We’ve been at this point before with other sub-genres, with cyberpunk and, more recently,  paranormal romance  fang fuckers  bodice rippers with vamp-  Sparkly Vampyres in Lurve: it’s poised on the edge of over-exposure. Maybe it’s on its way to becoming a new sub-genre, or even a new shelf category in the bookstores. But in the meantime, it’s over-blown. The category is filling up with trashy, derivative junk and also with good authors who damn well ought to know better than to jump on a bandwagon.

You see, the late 19th Century was a terrible, terrible time to live and all this girlie steampunk shit is falsely romantiscizing the era because the “taproots” of the genre is people having adventures in really horrible time periods.   In other words, throw a few starving adults feeding off the breastmilk of a newly minted mother ala Grapes of Wrath and maybe, just maybe, you are closing in on a realistic feel for the time period.

Cherie Priest, author of the Bestselling novel, Boneshaker, was called out specifically by Stross for her scientifically improbable gas induced zombies.   Priest responds:

OMG YOU GUYS it has come to my attention that  SOMEONE on the internet is saying that my fictional 19th century zombies are NOT SCIENTIFICALLY SOUND. Naturally, I am  crushed.
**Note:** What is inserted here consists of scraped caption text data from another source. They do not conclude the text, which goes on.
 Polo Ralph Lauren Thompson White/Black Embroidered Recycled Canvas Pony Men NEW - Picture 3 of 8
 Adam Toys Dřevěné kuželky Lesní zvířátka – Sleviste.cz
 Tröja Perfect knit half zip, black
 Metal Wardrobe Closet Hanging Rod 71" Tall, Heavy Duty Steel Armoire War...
To think, IF ONLY I'd consulted with a zombologist or two before sitting down to write, I could've avoided ALL THIS EMBARRASSMENT.

Scott Westerfeld, a YA author, suggests that the great thing about YA readers is that they don’t view things with the same rigidity as adults.   (I actually don’t buy this whole heartedly because otherwise you wouldn’t have the “OMG there are no books for boys” refrain)
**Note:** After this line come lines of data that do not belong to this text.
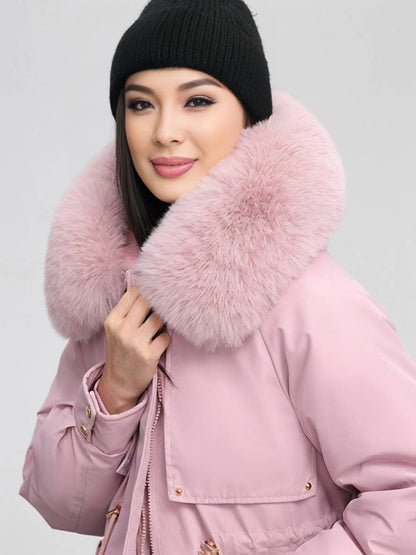 Cocolii mi-longue parka à capuche poches fermeture éclair manches longues femme casual oversized décontracté hiver doudoune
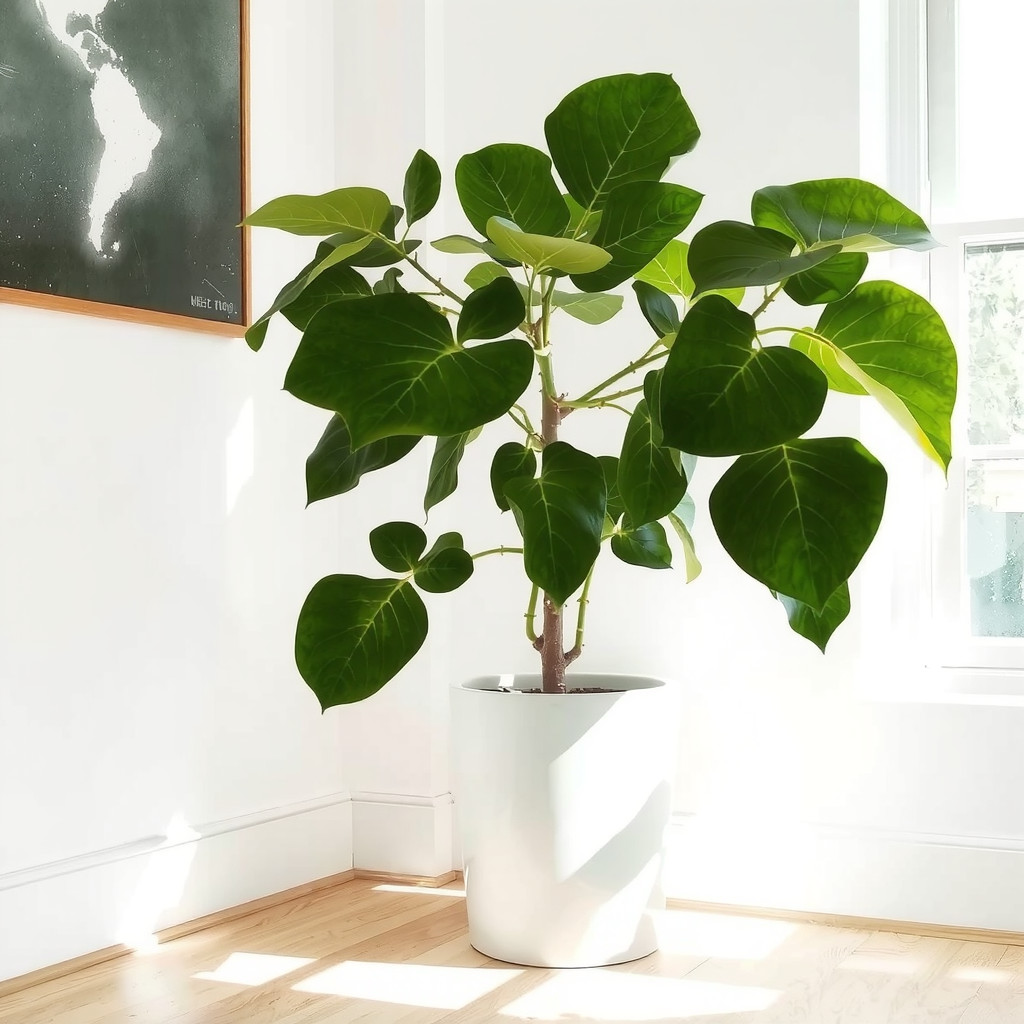 A large potted fiddle leaf fig plant near a bright window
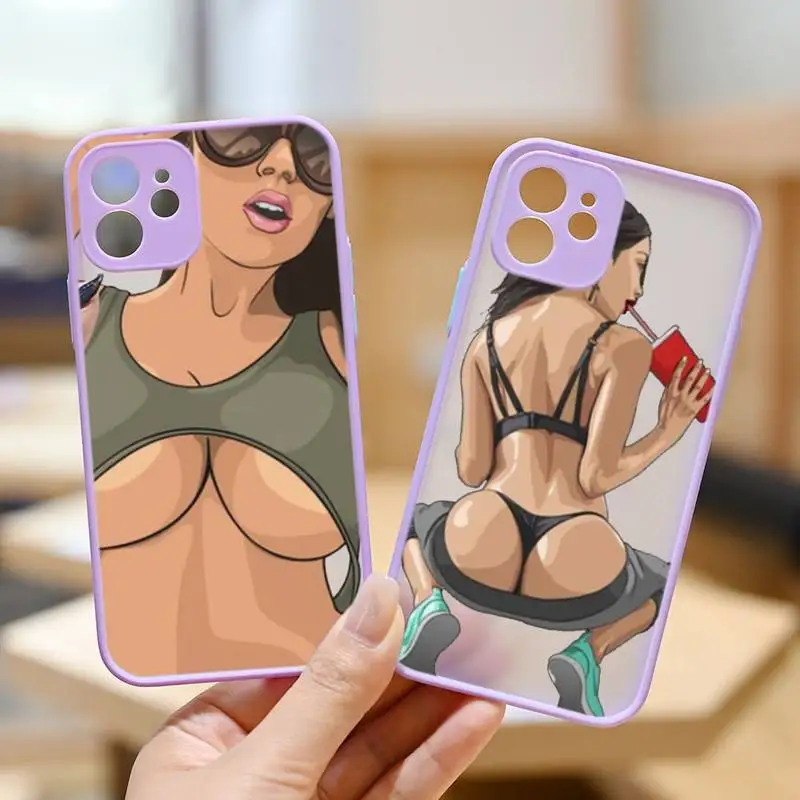 

Sexy Hot Girl Summer Twerk It Swag On Phone Case Purple Transparent Matte For IPhone 7 8 11 12 S Mini Pro X Plus Cover Shell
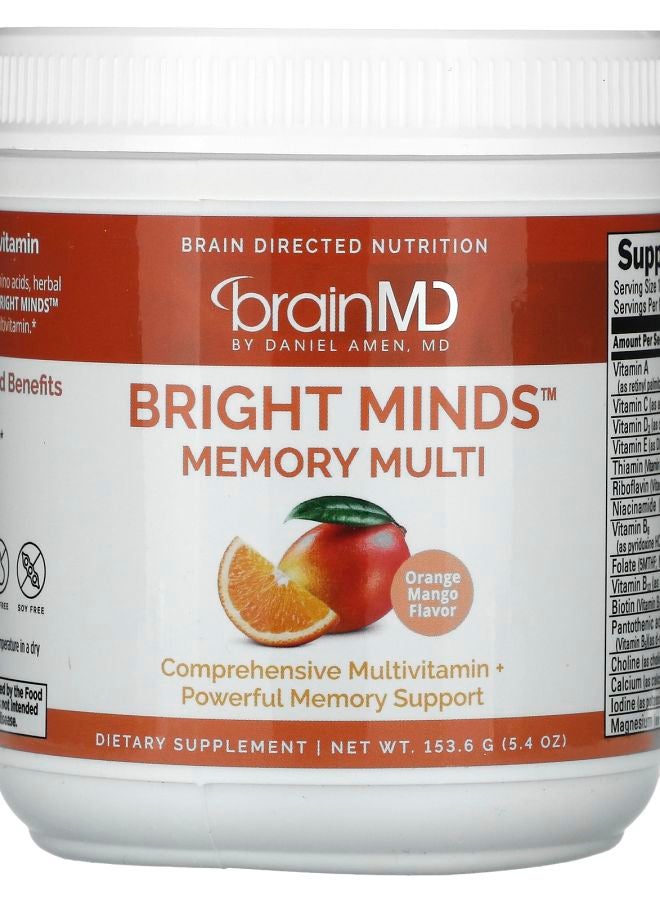 BRAINMD Bright Minds Memory Multi Orange Mango 5.4 oz (153.6 g)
Probably the biggest problem with Stross’ lament is, as suggested by Westerfeld, he isn’t reading the books about which he is complaining.   For example, had he taken the time to read one of those awful steampunk books by girls such as the Iron Duke, he would know that even girls are writing about a time period that is fraught with political unrest, racism, and dire living conditions.   Yes, there is love and sex in it, but in order for us to be here today, there would have had to be some love and sex during the Industrial Revolution, even a revisionary one.